Should have been a day 1 starter, regardless. There was no "trying to catch" anyone. He was head and shoulders the best LB on the roster the day he walked on campus. The fact he was behind them at all tells me everything I need to know. Zero assumption.
But he didn't play within Bo's scheme! That's super-important!
He broke a bunch of records in Bo's scheme. So there's that.
Didn't the two greatest defensive players in the Pelini Era arguably break scheme more than anyone? Suh didn't sit around in his two-gap responsibility and let the play come to him, he routinely beat his man (or a double- or triple-team) and attacked the ball. The one glaring time I can remember Suh not breaking scheme was when we had Tyrod Taylor bottled up but didn't aggressively attack him and he made that long pass play when the WR got behind everybody. Had Suh attacked like he did against Colt McCoy in the Big XII Championship Game, we would have won that game. Oddly, Bo may have "learned his lesson" from that play and allowed Suh free rein to attack at will - and he was one second too good at it against McCoy. So it goes.

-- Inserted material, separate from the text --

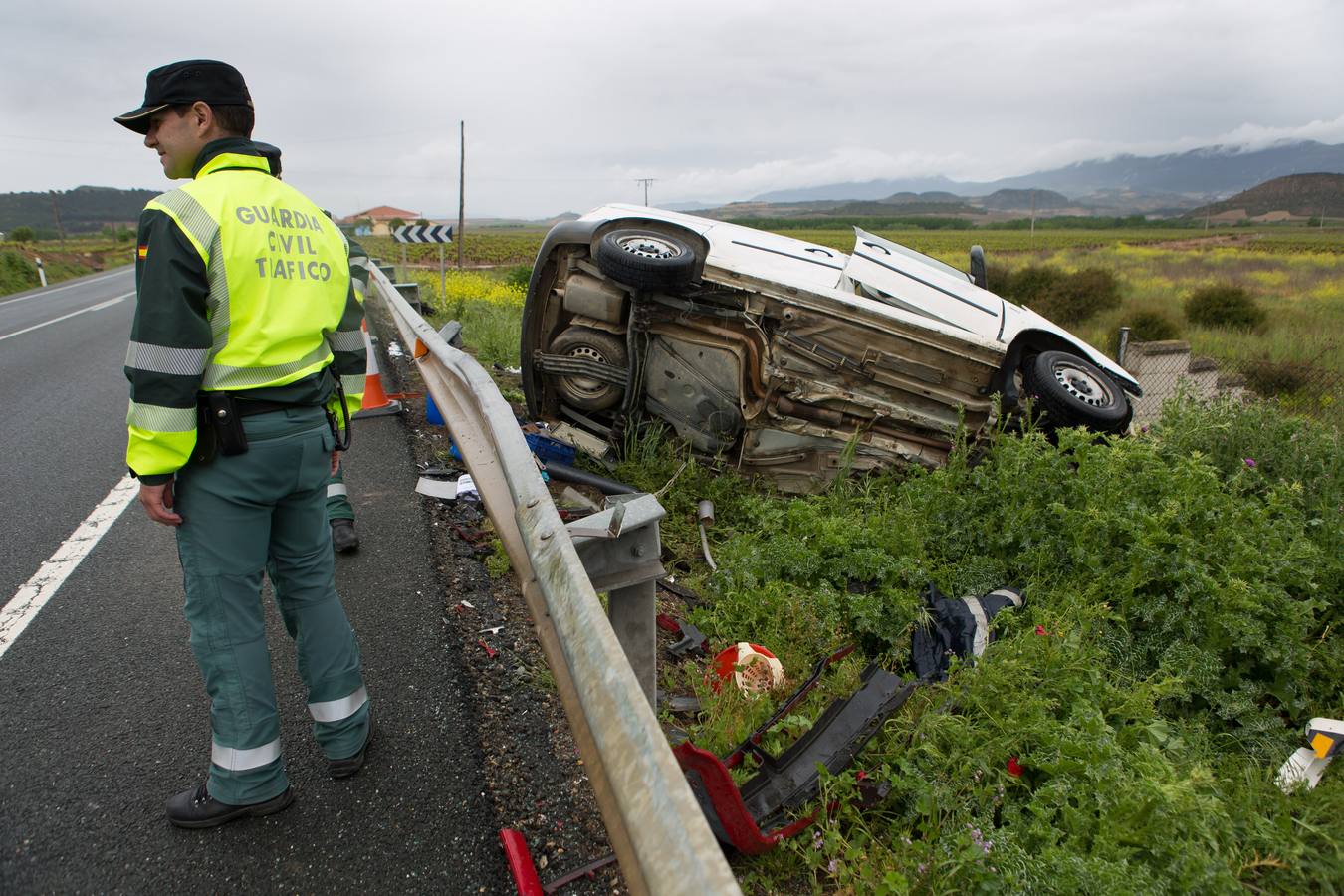 Un accidente, dos heridos y un gran atasco en Cenicero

David, it seems, was a free agent much of the time. He played within scheme when it suited him, but made so many tackles, so differently than any other linebacker in the Pelini Era, that it's difficult to imagine no other player playing in the same scheme but not coming remotely close to David's numbers. David seemed a law unto himself, and more often than not, he made the critical plays when he needed to. But he seemed to do it outside the system.